◆ **REQUIRED ACTION**
Copy, word for word, the lines of the listing below from the line with "STAR PLUS Dětský" up to and including the line with "The Curious Snail: Up-close". Drop the pictures.

◆ **SOURCE INFORMATION**

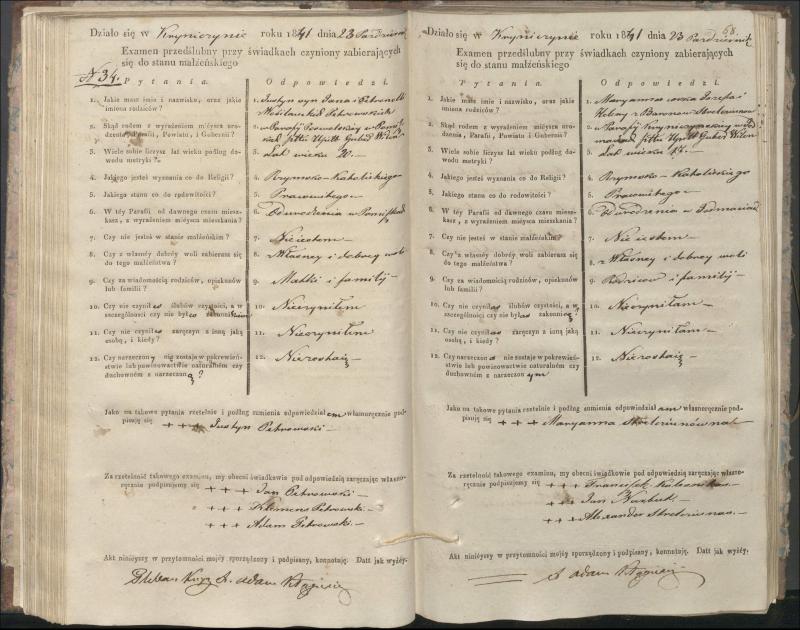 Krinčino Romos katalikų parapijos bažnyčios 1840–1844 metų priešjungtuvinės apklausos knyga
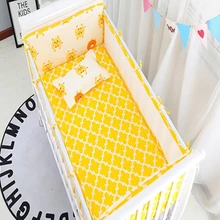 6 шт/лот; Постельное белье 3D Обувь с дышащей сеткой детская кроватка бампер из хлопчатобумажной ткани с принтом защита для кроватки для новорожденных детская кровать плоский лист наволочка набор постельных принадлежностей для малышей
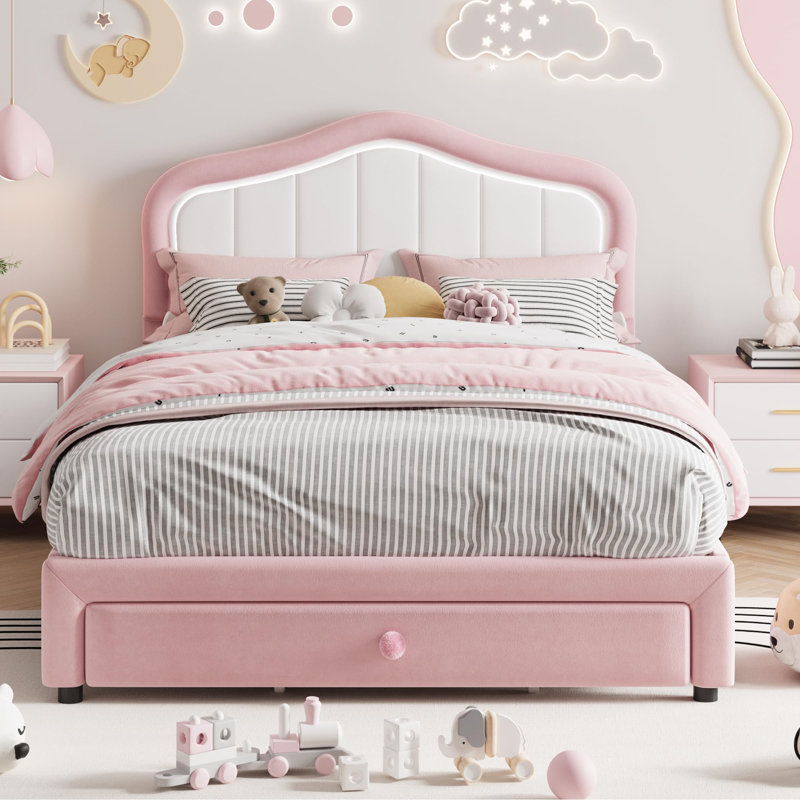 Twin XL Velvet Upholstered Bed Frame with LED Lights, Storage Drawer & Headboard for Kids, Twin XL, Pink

* * *

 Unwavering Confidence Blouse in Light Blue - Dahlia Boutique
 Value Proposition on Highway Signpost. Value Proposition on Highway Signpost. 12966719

...

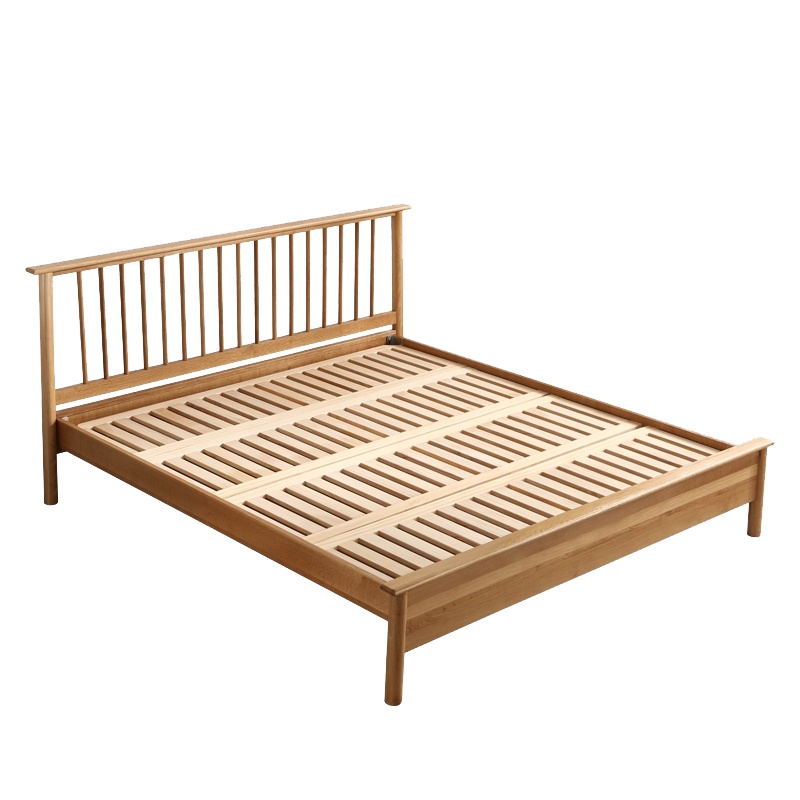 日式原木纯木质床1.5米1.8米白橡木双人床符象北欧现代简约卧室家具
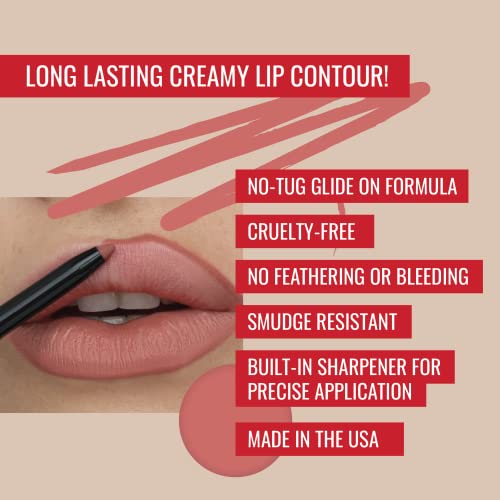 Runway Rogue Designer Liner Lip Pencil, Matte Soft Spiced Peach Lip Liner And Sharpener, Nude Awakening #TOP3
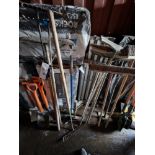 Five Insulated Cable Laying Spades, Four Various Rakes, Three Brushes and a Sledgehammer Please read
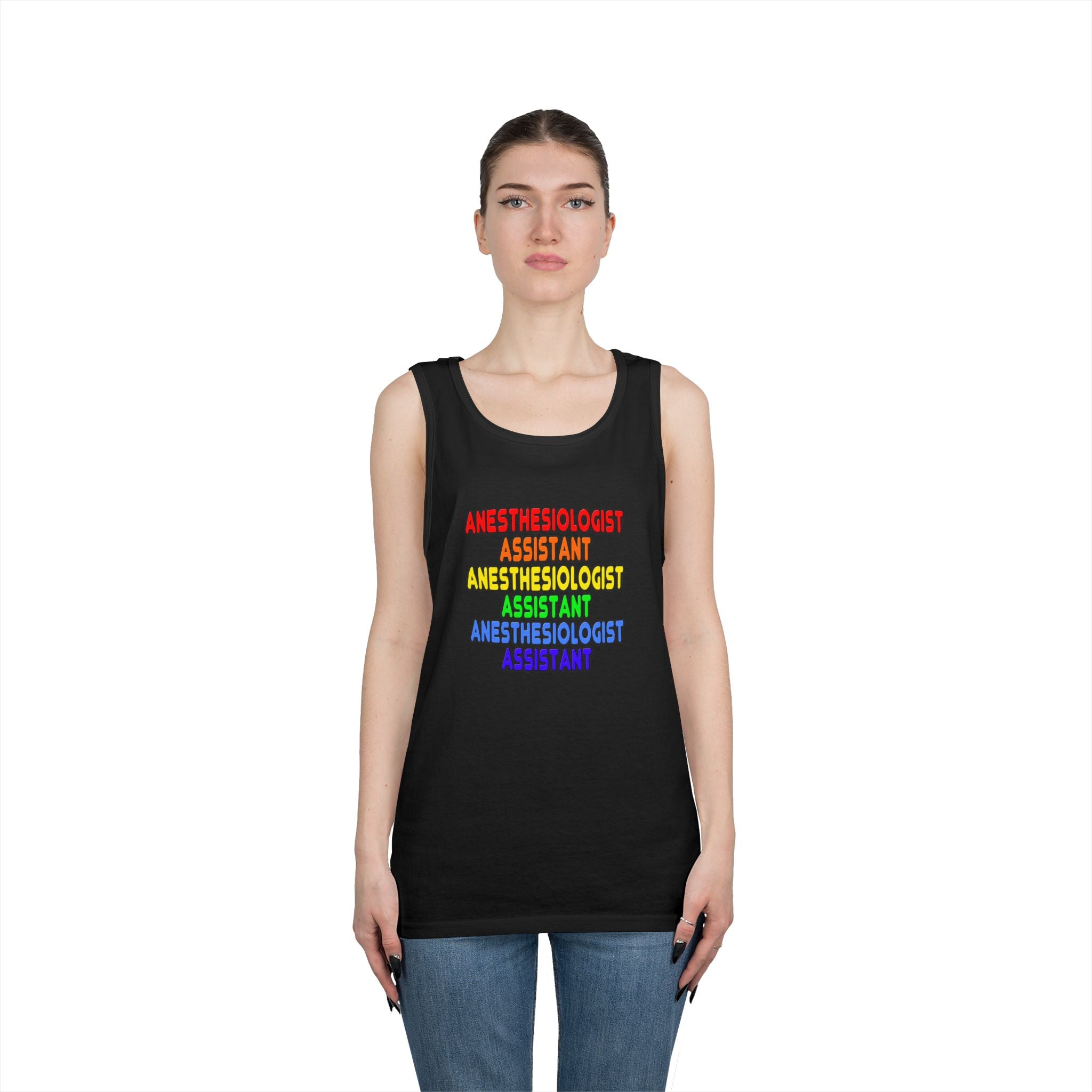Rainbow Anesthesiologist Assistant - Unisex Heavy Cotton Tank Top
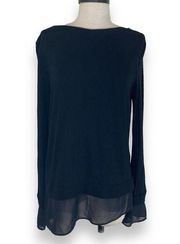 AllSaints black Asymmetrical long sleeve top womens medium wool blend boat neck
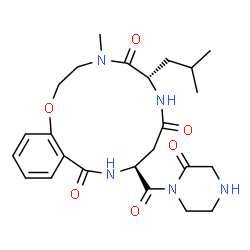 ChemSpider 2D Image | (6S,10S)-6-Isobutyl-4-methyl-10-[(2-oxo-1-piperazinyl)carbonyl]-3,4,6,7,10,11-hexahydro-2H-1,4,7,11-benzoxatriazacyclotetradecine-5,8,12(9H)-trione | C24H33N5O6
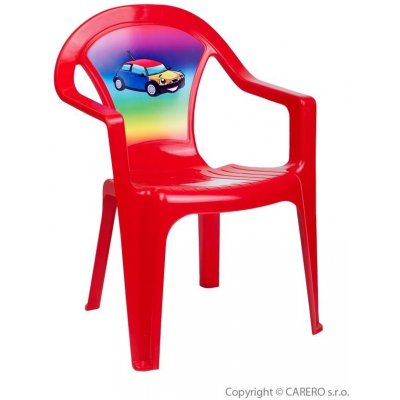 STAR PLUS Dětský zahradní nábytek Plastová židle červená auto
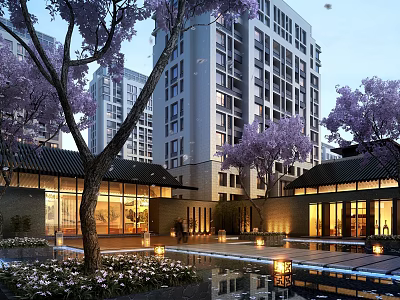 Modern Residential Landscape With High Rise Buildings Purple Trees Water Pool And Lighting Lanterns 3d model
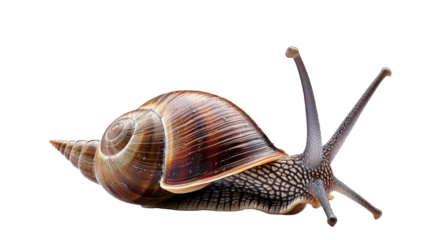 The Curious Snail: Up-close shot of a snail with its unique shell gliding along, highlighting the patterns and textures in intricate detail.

◆ **TASK ANSWER**
 STAR PLUS Dětský zahradní nábytek Plastová židle červená auto
 Modern Residential Landscape With High Rise Buildings Purple Trees Water Pool And Lighting Lanterns 3d model
 The Curious Snail: Up-close shot of a snail with its unique shell gliding along, highlighting the patterns and textures in intricate detail.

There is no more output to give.